Why do you think climate and biodiversity are such important issues for artists, including your co-founder Brian Eno?
“One thing is the musical connection with the natural world. So tapping into that idea resonates with people and sometimes it takes saying it out loud and sometimes the artist has been saying it through their work repeatedly. But also it comes back to that point I made earlier. There are so many good people working in music who want to do the right thing on this issue, who want to do more, and the challenge is not knowing what to do. Brian founded us with two music managers, Adam Callan and Hiroki Shirasuka. They knew so many people across music who wanted to do the right thing by the planet and just didn't have the time or the understanding to necessarily know what a good impact would look like.
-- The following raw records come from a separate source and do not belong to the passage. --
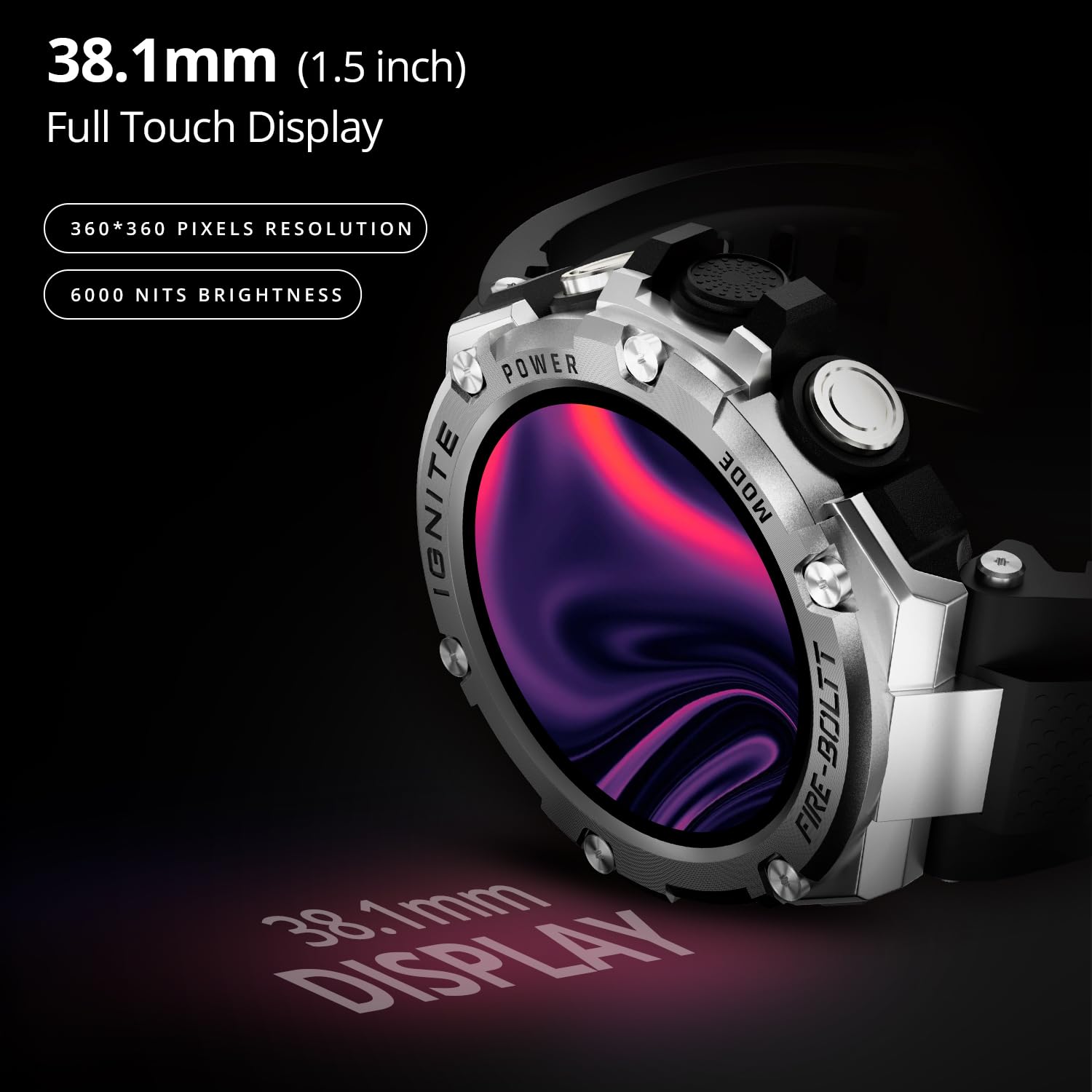 Fire-Boltt Assault Smartwatch – 1.5" HD Display, Bluetooth Calling, 600mAh Battery, Compass, Heart Rate & SpO2 Monitoring, 7-10 Days Battery Life, Heavy Metal Sports Design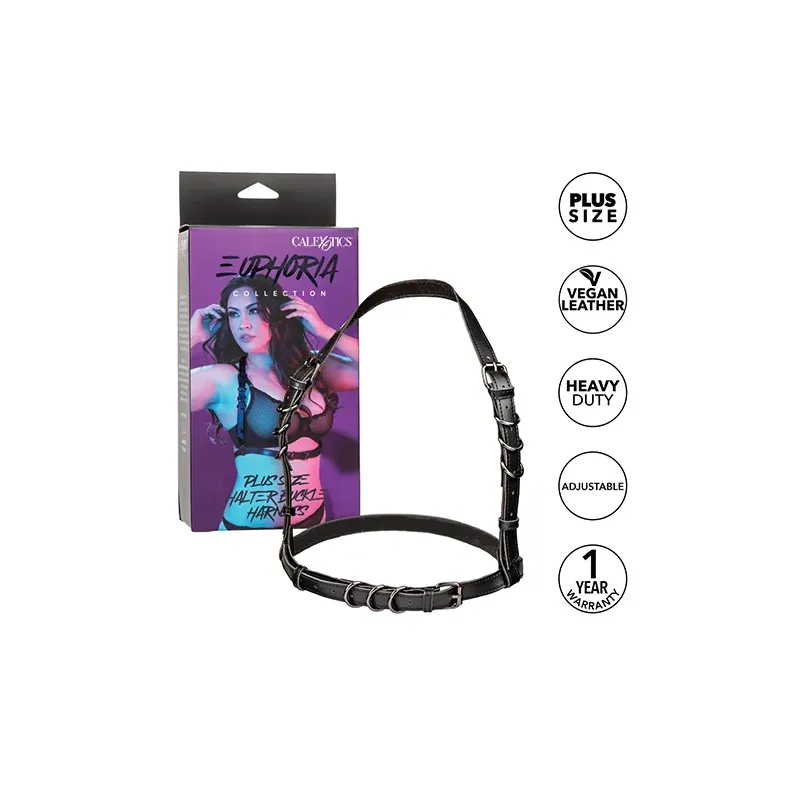 Plus Size Halter Buckle Harness with Velvet Interior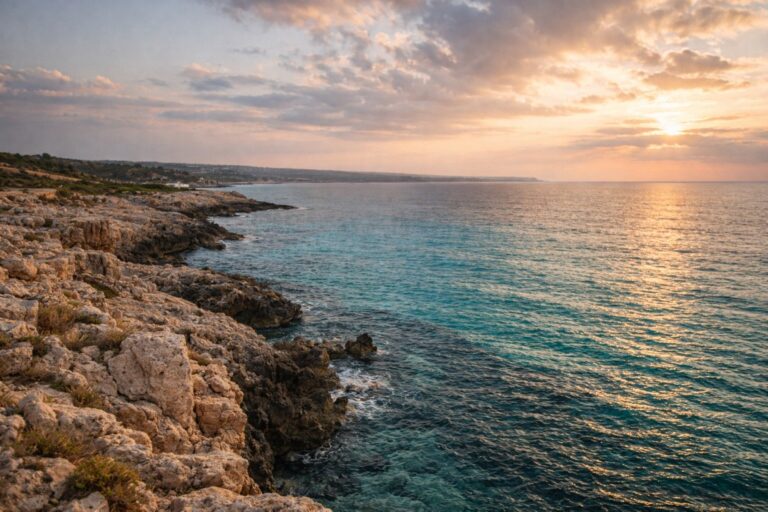 Puglia coastline with rocky Adriatic shore and open sea horizon.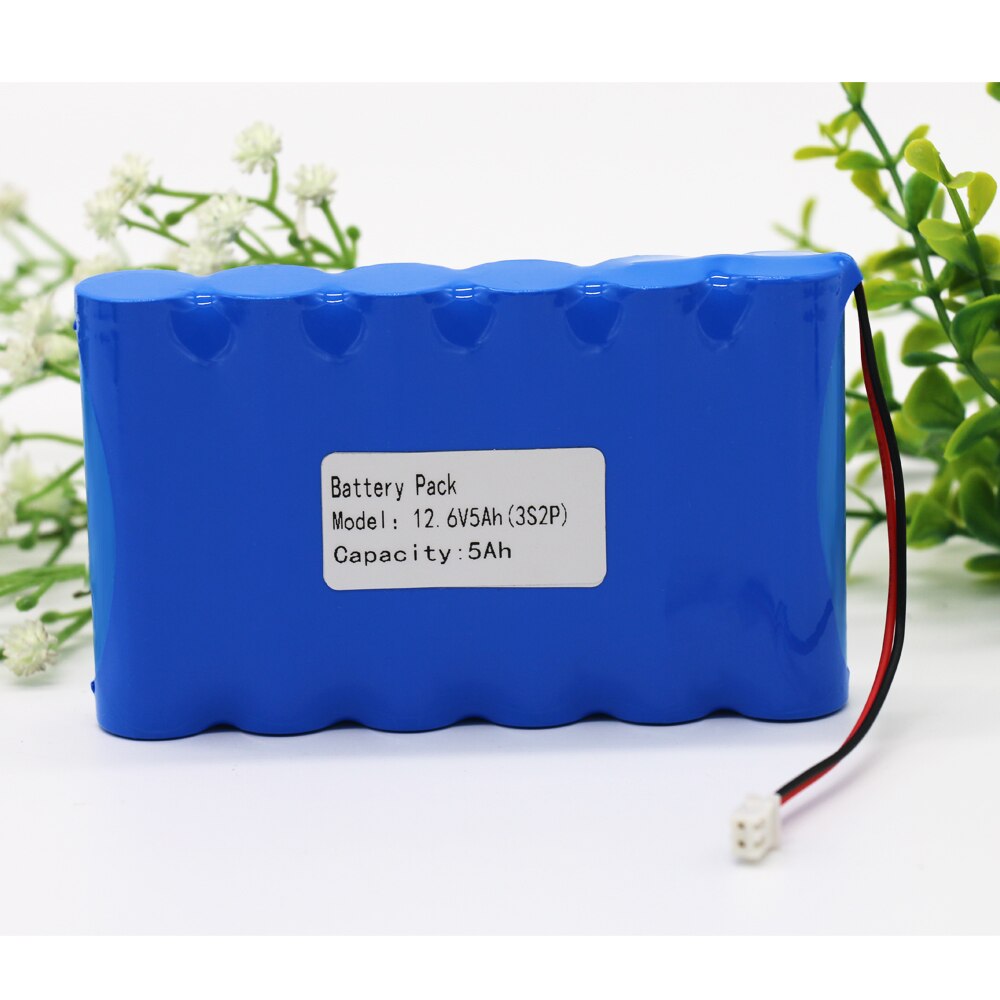 12V Battery 3S2P 11.1V /12.6V 5000mAh 18650 Lithium-ion Battery Pack with 5A BMS for LED Lamp Light Backup Powe Etc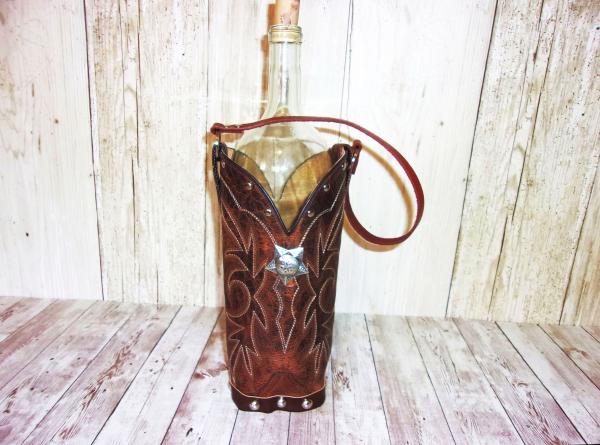 Leather Wine Tote - Cowboy Boot Wine Caddy WT564 picture
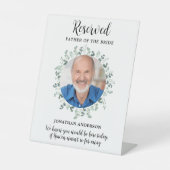 Gereserveerde Zitplaats Foto Eucalyptus Memorial W Reclamebord Met Voetstuk (Voorkant)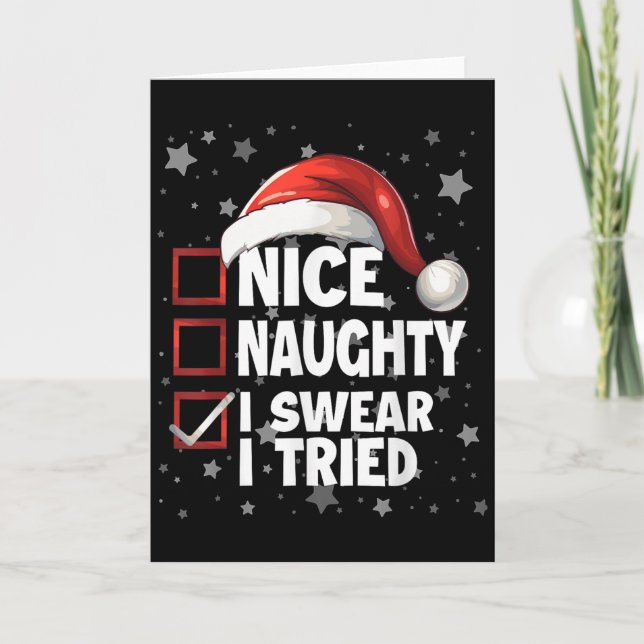 Tarjeta Nice Naughty I Swear I Tried Xmas Santa Claus Chri (Anverso)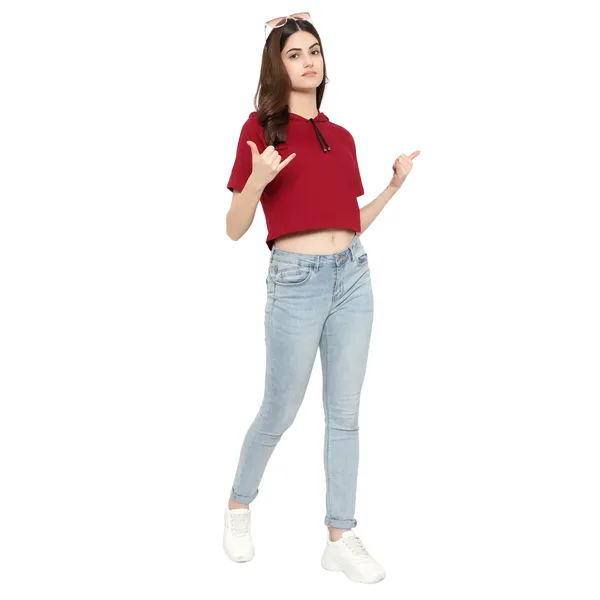 Womens_Sporty_Cropped_Hoodie__Soft_Cotton_Half-Sleeve_Round_Neck_Top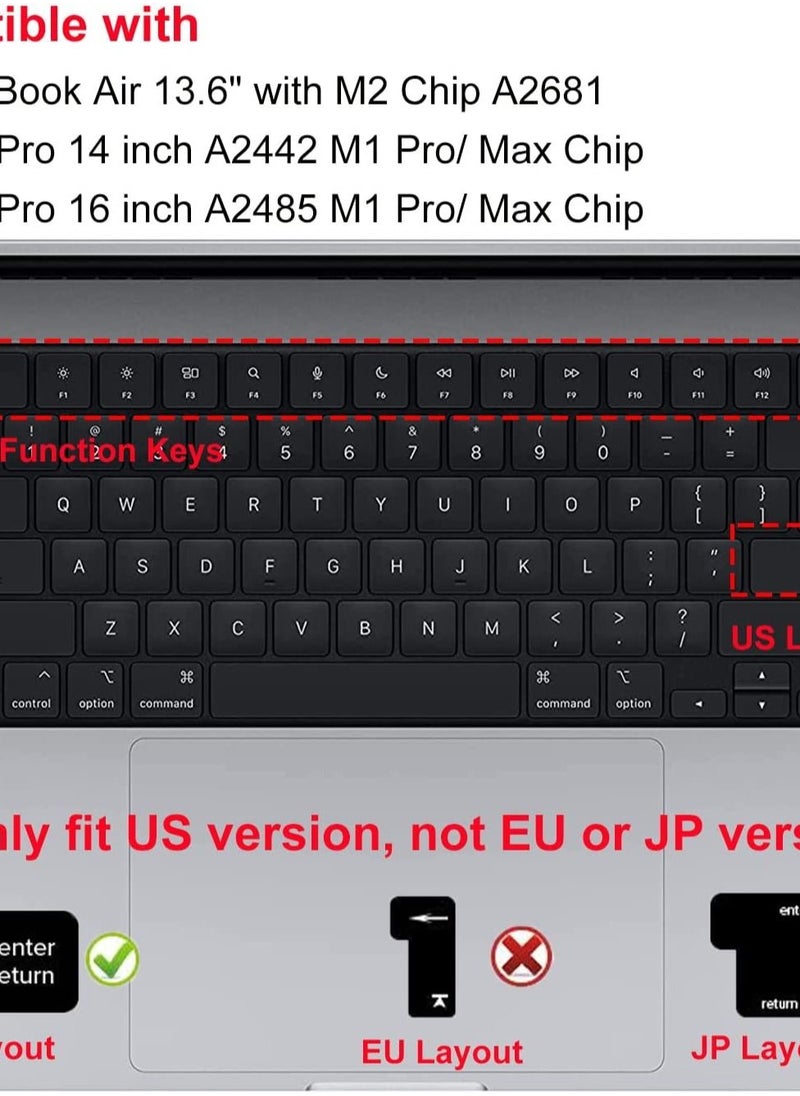 Premium US Layout Keyboard Cover for MacBook Air 13.6 inch M2 A2681/M3 A3113/M4 A3240 and Macbook AIr 15 inch M4 A3241/M3 A3114/M2 A2941  & MacBook Pro 14 inch A3112/A3401/A3185/A22779/A2442/A2918/A2992 and MacBook Pro 16" A3403/A3186/A2780/A2485/A2991, Clear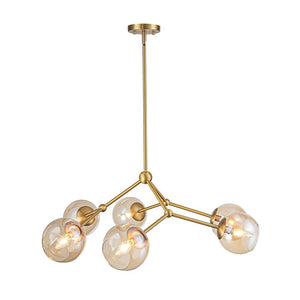 Farmhouze Light - Brass 6 - Light Amber Glass Globe Linear Sputnik Chandelier - Chandelier - Brass - 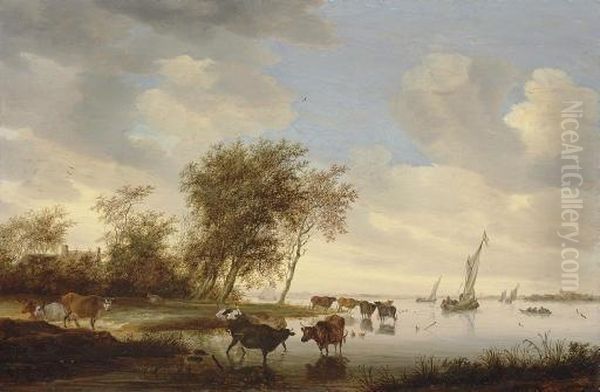 A River Landscape With Cattle Watering And Sailing Boats Beyond Oil Painting by Salomon van Ruysdael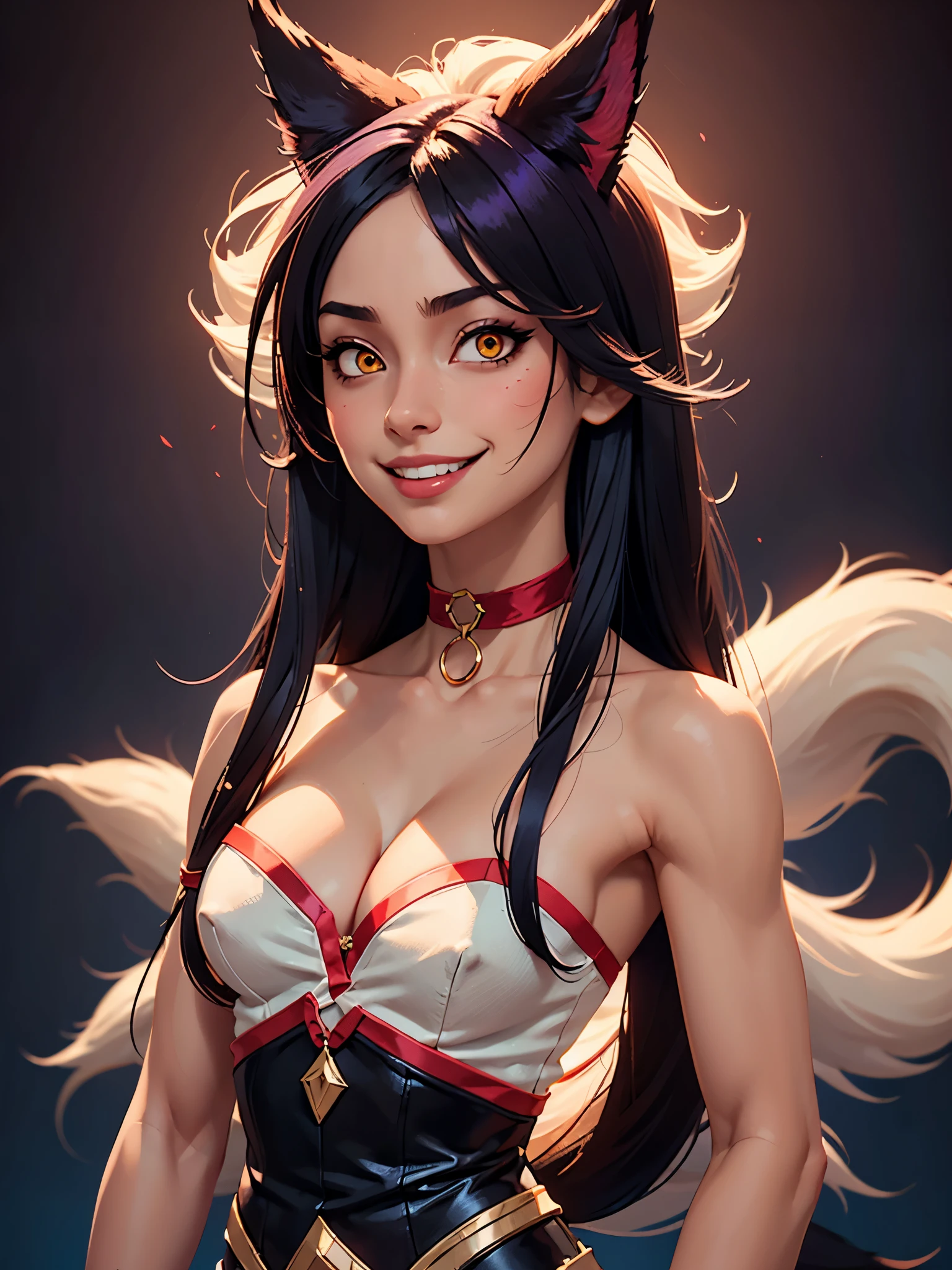 one girl, ahri, bust, abs, (slender body, muscular:1.2), solo, upper body, yellow eyes, (cascade haircut:1.2), long hair, black hair, fox ears, choker, , (small , tiny , male , cleavage:1.3),  shoulders, masterpiece, highly detailed, look at viewer, expressing joy, shiny blured orange background, gradient sprayed background, smile, happy face, naughty grin, front view, gradient red purple background, blured background, glowing edges of image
“One of the organisations we have supported from the outset, and will be long-term supporters of, because their work is so brilliant and impactful is ClientEarth. The conversations at the beginning of EarthPercent started with, ‘How could we use music to support ClientEarth and other organisations who are as impactful as ClientEarth?’ We were founded on the premise that, actually, lots and lots of people care but they lack not just time, but expertise. One of our first actions was to put together expert advisory panels of scientists, practitioners, researchers and academics, communicators, policy makers and activists. We have expert panels around each of the action areas that we work in to raise funds or to do advocacy for. They are guiding how the money raised is used. And that is a solution for a lot of people; they want to know their money is going to the right place. It’s not just Brian and me sitting in the background going, ‘Where should we put the money?’ – it’s more rigorous than that.”
Winning this award literally gives you the stage and a microphone. So what can people do to help? What’s the message you want to amplify?
“My number one message is: are you interested in the future of the music industry? What does a responsible, resilient, regenerative music industry look like? What can it be? An industry where artists and teams and music lovers can flourish relies on a healthy planet. I want people to come and talk to us about how they make real this idea of the Earth as a stakeholder in your business. Make it real on behalf of everyone you love today and in the future. Come and talk to us about it, because we've got so many simple and fun and creative ways to get involved. We can match whatever a business or an artist wants to do with a really planet-positive way of getting stuck in.”